Maybe I just live in too small a city, but I've never before seen the variety of novelty condoms in machines that I saw in the UK. This one had chocolate flavored ones, but I later saw fruit flavors and SCOTCH flavors. Flavours. Whatever.

There was an Australian at the bar when I ordered my beer (McEwan's 80/ cask conditioned bitter, although I promise not to name every beer I had). He asked what the difference was between the 70/ bitter and the 80/. I said, "ten." The bartender agreed. He went on to say that he didn't like the beer here be cause it was warm and flat. He was drinking draught Coors, of all things.

I hit an ATM after I left. If I may digress a bit here, it is absolutely true that using ATMs in the UK is not only incredibly easy, just like home, it also gives the best exchange rate. Forget traveler's checks; bring your cash card and have fun.

I thought going to the Royal Museum of Scotland would be fun, so I headed back in a direction I was certain would take me there. Along the way I happened pon the famous statue of Greyfriars Bobby, a dog that sat by its master's grave for 14 years.

The lobby of the Royal Museum of Scotland is white-painted iron columns and frames supporting a glass ceiling. It is very bright and airy.

The first exibit was modern pop culture/lifestyle items...cars, shoes, telephones, toys, radios, computers, kitchen appliances, and so on.

Next I saw an exhibition of extinct and endangered animals. The most memorable was a reconstruction of a Dodo skeleton.

The museum piece that impressed me the most was an actual skeleton of a blue whale. It hangs suspended even with the balcony of a room that is a smaller version of the lobby. Unfortunately, there were no whale postcards in the gift shop. The clerk there wished they had some, since they would sell well.

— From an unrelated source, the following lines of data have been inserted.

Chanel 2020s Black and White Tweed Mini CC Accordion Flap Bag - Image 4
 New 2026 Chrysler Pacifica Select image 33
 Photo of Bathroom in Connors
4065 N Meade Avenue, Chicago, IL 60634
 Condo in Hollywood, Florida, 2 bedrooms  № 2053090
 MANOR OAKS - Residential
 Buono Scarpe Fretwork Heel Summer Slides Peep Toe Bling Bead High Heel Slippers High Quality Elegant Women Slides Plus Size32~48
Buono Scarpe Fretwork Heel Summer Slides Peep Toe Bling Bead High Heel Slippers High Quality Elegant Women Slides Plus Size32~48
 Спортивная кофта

My treasured bottle of whisky was getting heavy, so I decided to catch a bus back to the B&B to unload before calling Julie. I arranged to meet her in front of a Burger King on Princes Street, wrote some postcards, and eventually left for the rendezvous point.

I was early, so I went to the underground shopping center next to the train station. Apparently everything closes here at six, some earlier, but I did get into a record store and find the first Slingbacks CD single for 1.99. I didn't know the second single had been released, but I would make up for that later.

When Julie arrived I gave her the single, since I already had two CD copies and one on vinyl. Then we walked back to old town and had dinner at a grassmarket pub. I noticed that at least two pubs on the same street now featured the American dish Chicken Kiev and reasoned that their frozen food salesman was doing his job.

I had a bitter or two with the food, while Julie had half a lager. I think she was too embarrassed to order a shandy.

We went to another pub, played some video games, listened to some loud and rude scotsmen, and called it a night.

At this point I was still uncertain about where I would go the next day. Back at the B&B, I studied maps and train schedules, considering all kinds of places, before deciding to wimp out and go to York. Trains to london were frequent from there, it had a lot of sights, and it would mean spending the minimum amount of time on the train. Inverness would just have to wait for the next trip.